_What the task requires_
Transcribe every record verbatim; no pictures.

_Records for the exercise_
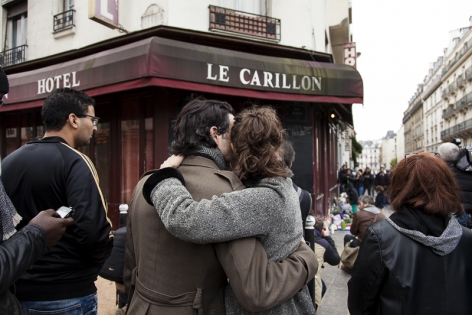  French mourn the victims outside the Carillon bar in Paris.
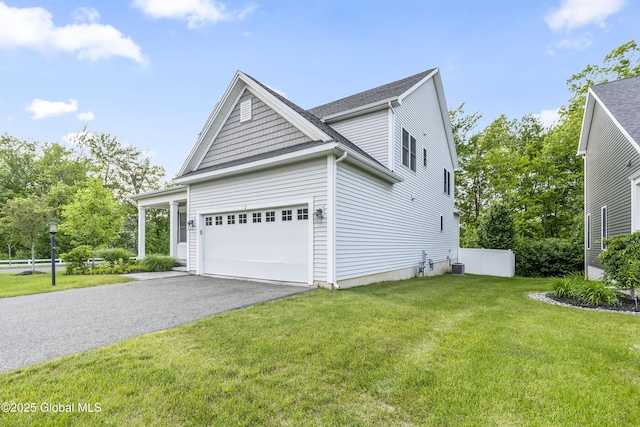 2 Hillard Ln, Colonie, NY 12110 - view of side of property featuring asphalt driveway, a lawn, cooling unit, and a garage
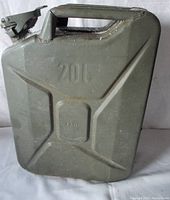 Front view of a vintage olive drab metal jerry can with '20L' and 'FAW1' embossed markings, showing the clasp lid and handle.
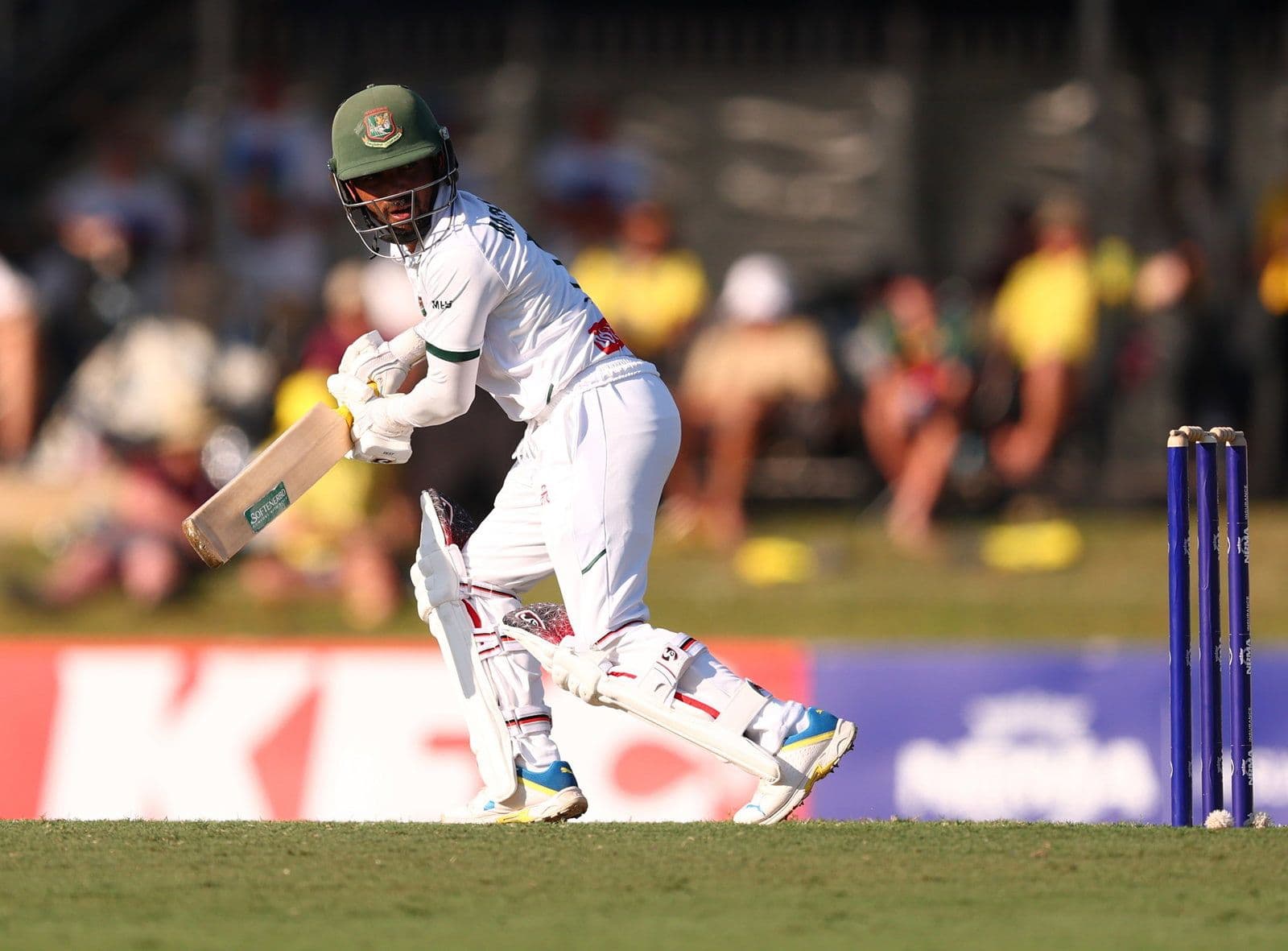 Cầu thủ cricket Bangladesh trong trang phục thi đấu đang đánh bóng trên sân Marrara, Darwin, thể hiện tinh thần chiến thắng bất ngờ trước Úc.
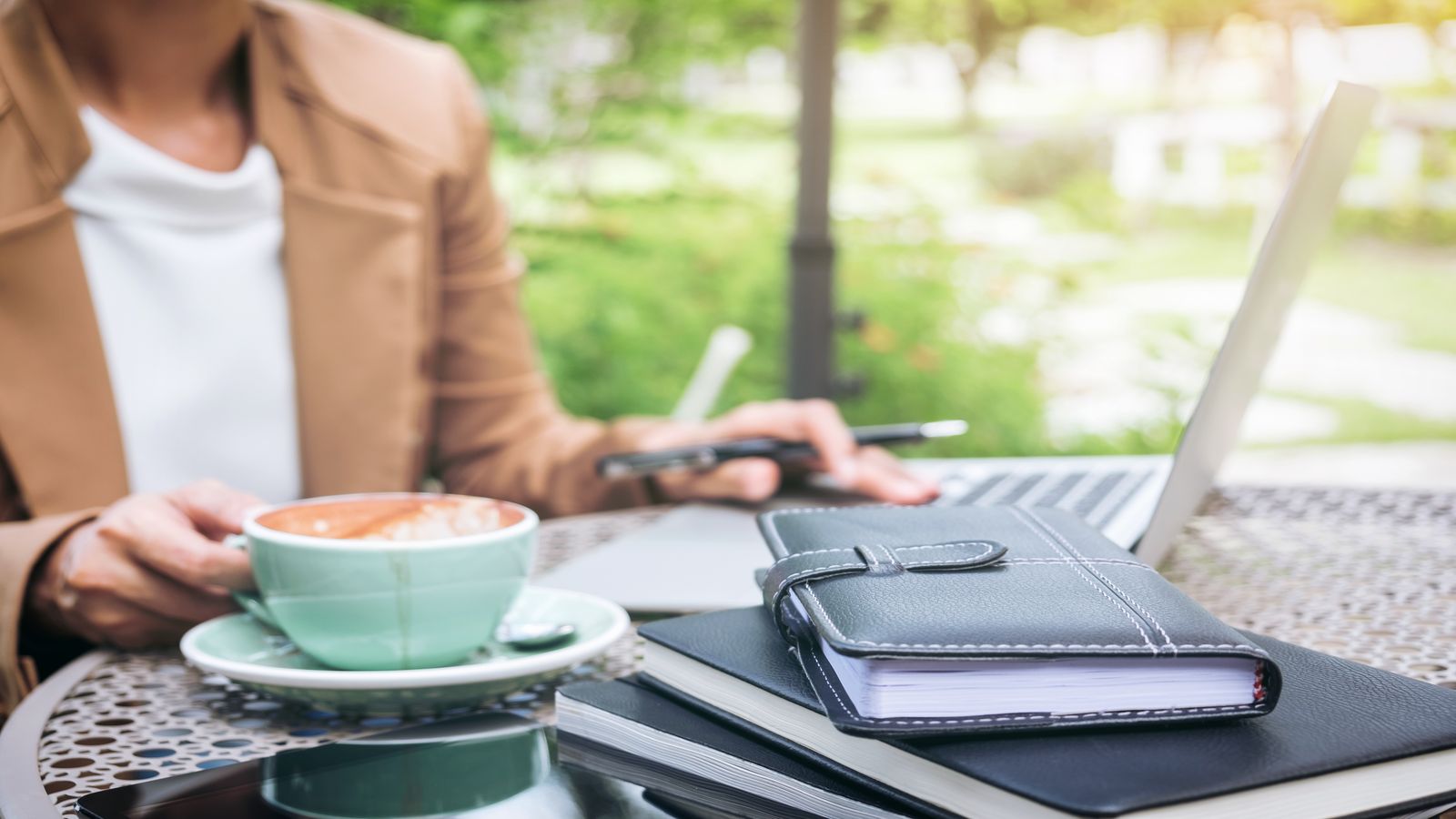 A quiet desk with a hardware wallet, a notebook, and a cup of coffee, representing the calm, deliberate practice of learning Bitcoin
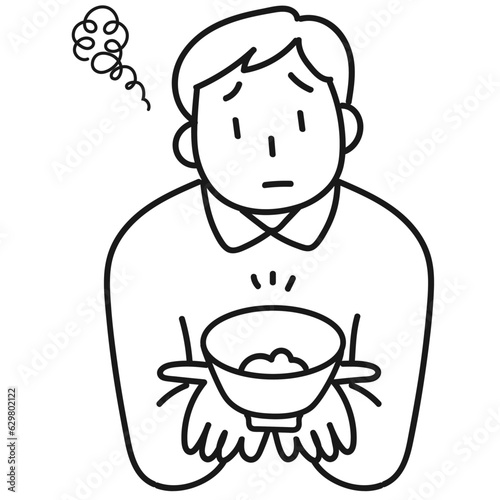 ダイエットのためにご飯を減らして不満顔の若い男性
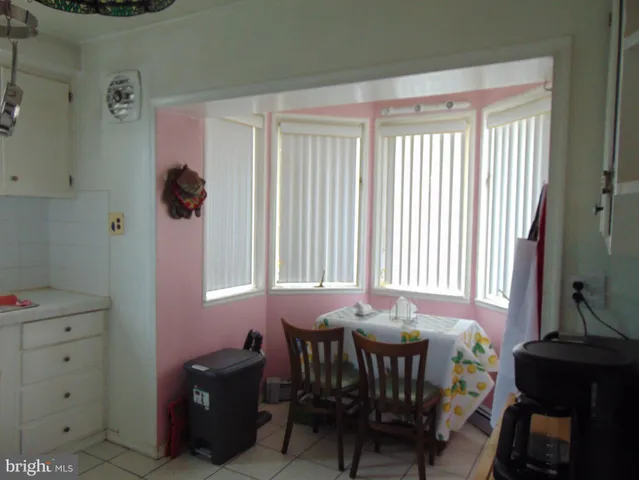 a view of a dining room with furniture and window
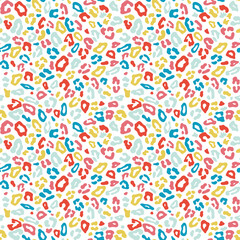 Happy colorful leopard skin spots in pink, green, yellow and red colors on white background. Vektor seamless pattern for kids fashion, T-shirts, fabrics, decorations, covers, wrapping, backdrops.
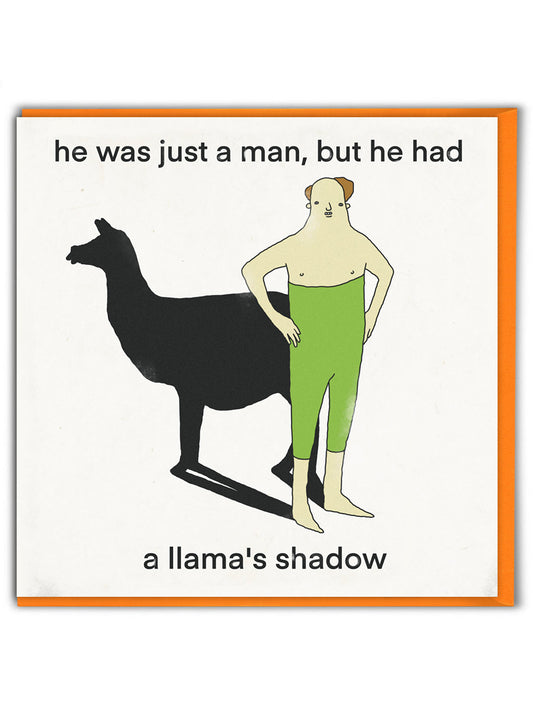 A white card with a cartoon drawing of a man with a llama's shadow. The text on the card reads: 'He was just a man, but he had a llama's shadow'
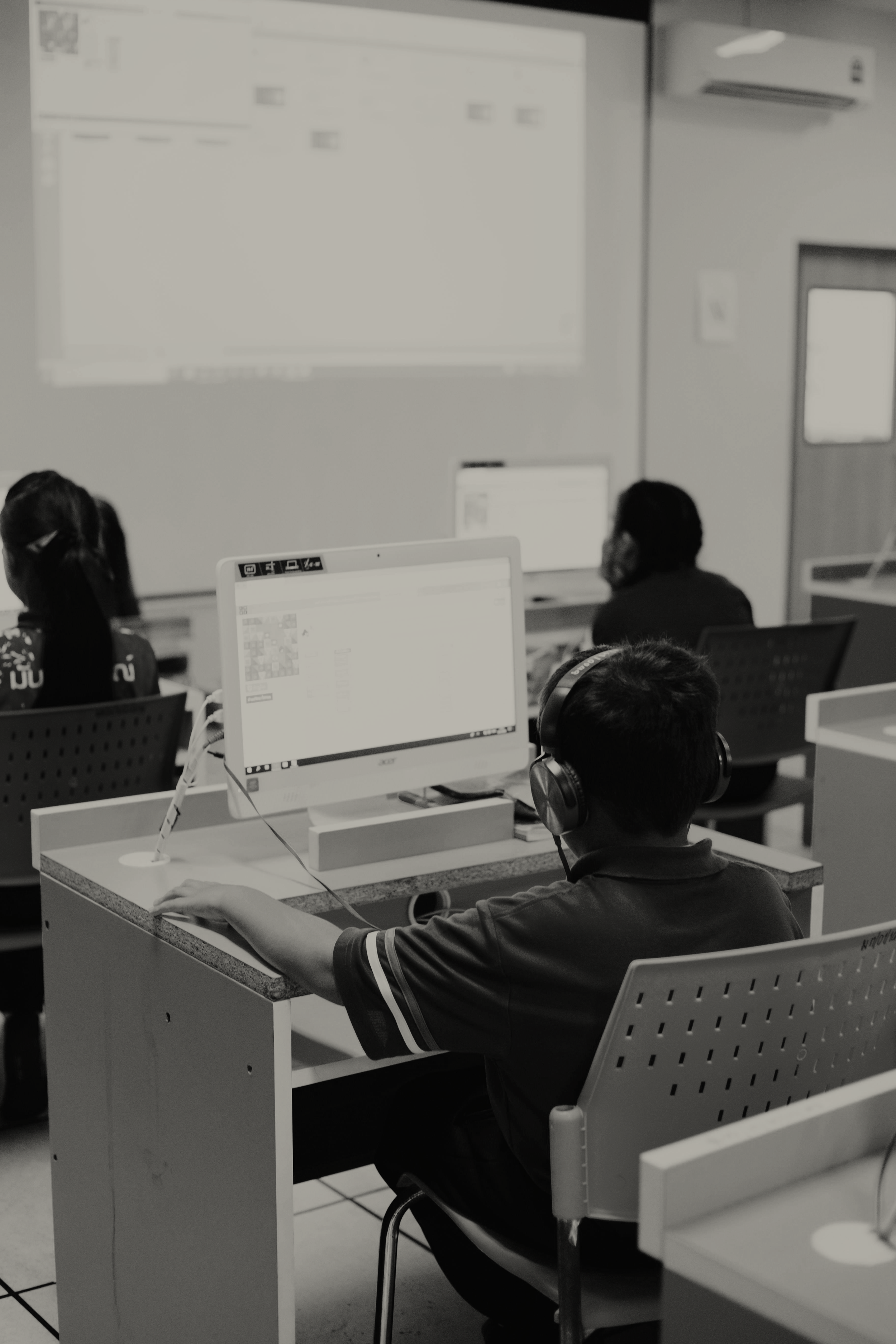 Students sitting at desks in a classroom with computers, listening to a lecture or presentation projected on a whiteboard.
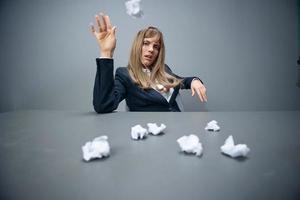 Funny millennial blonde businesswoman worker in blue jacket throws papers into the camera sitting at workplace in gray modern office. Tired of work Concept. Copy space, wide angle photo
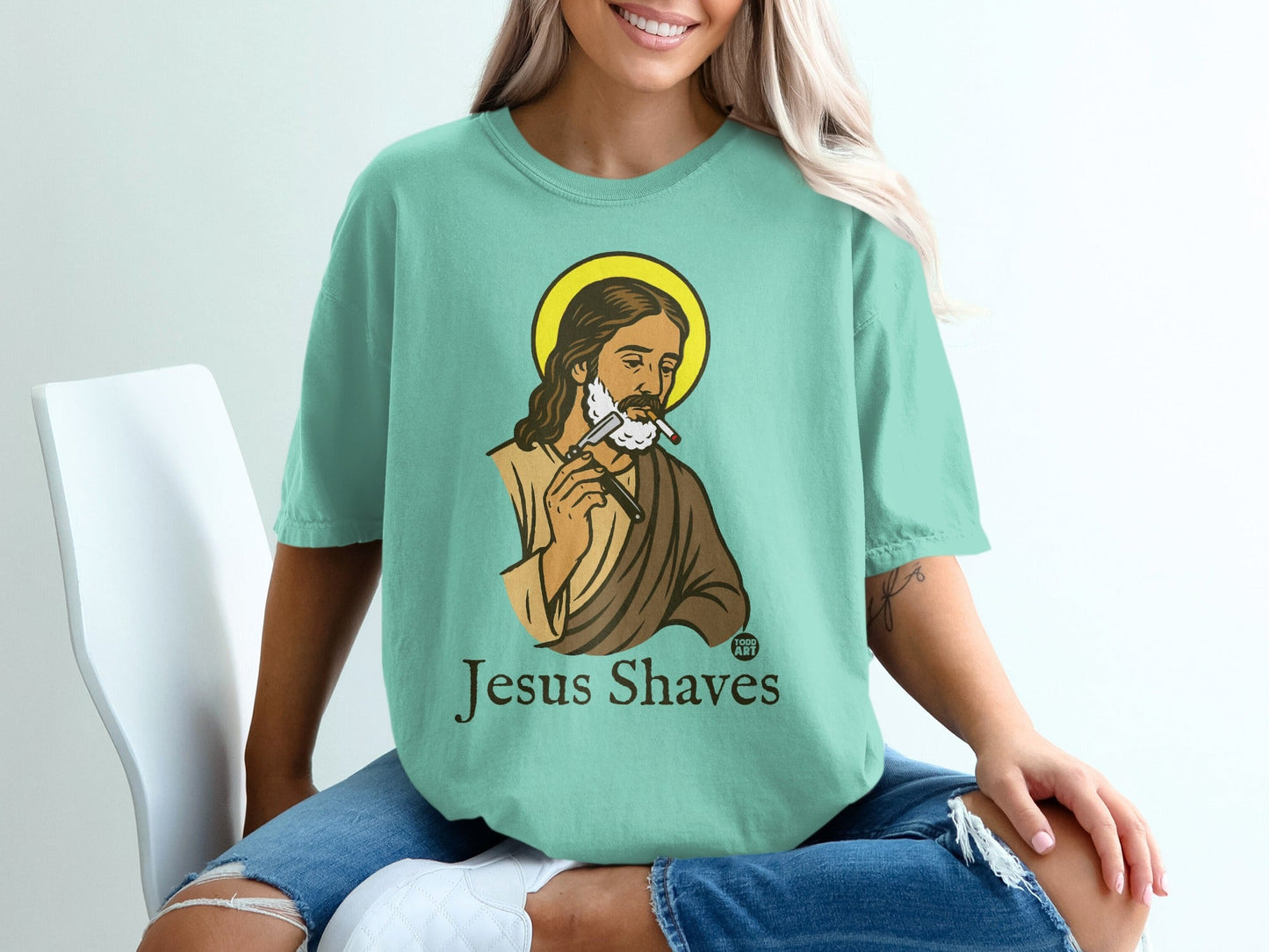 Jesus shaves with a razor in this mint green t-shirt graphic.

_Exercise result_
  French mourn the victims outside the Carillon bar in Paris.
 2 Hillard Ln, Colonie, NY 12110 - view of side of property featuring asphalt driveway, a lawn, cooling unit, and a garage
 Front view of a vintage olive drab metal jerry can with '20L' and 'FAW1' embossed markings, showing the clasp lid and handle.
 Cầu thủ cricket Bangladesh trong trang phục thi đấu đang đánh bóng trên sân Marrara, Darwin, thể hiện tinh thần chiến thắng bất ngờ trước Úc.
 A quiet desk with a hardware wallet, a notebook, and a cup of coffee, representing the calm, deliberate practice of learning Bitcoin
 ダイエットのためにご飯を減らして不満顔の若い男性
 a view of a dining room with furniture and window
 Happy colorful leopard skin spots in pink, green, yellow and red colors on white background. Vektor seamless pattern for kids fashion, T-shirts, fabrics, decorations, covers, wrapping, backdrops.
 A white card with a cartoon drawing of a man with a llama's shadow. The text on the card reads: 'He was just a man, but he had a llama's shadow'
 Students sitting at desks in a classroom with computers, listening to a lecture or presentation projected on a whiteboard.
 Funny millennial blonde businesswoman worker in blue jacket throws papers into the camera sitting at workplace in gray modern office. Tired of work Concept. Copy space, wide angle photo
 Jesus shaves with a razor in this mint green t-shirt graphic.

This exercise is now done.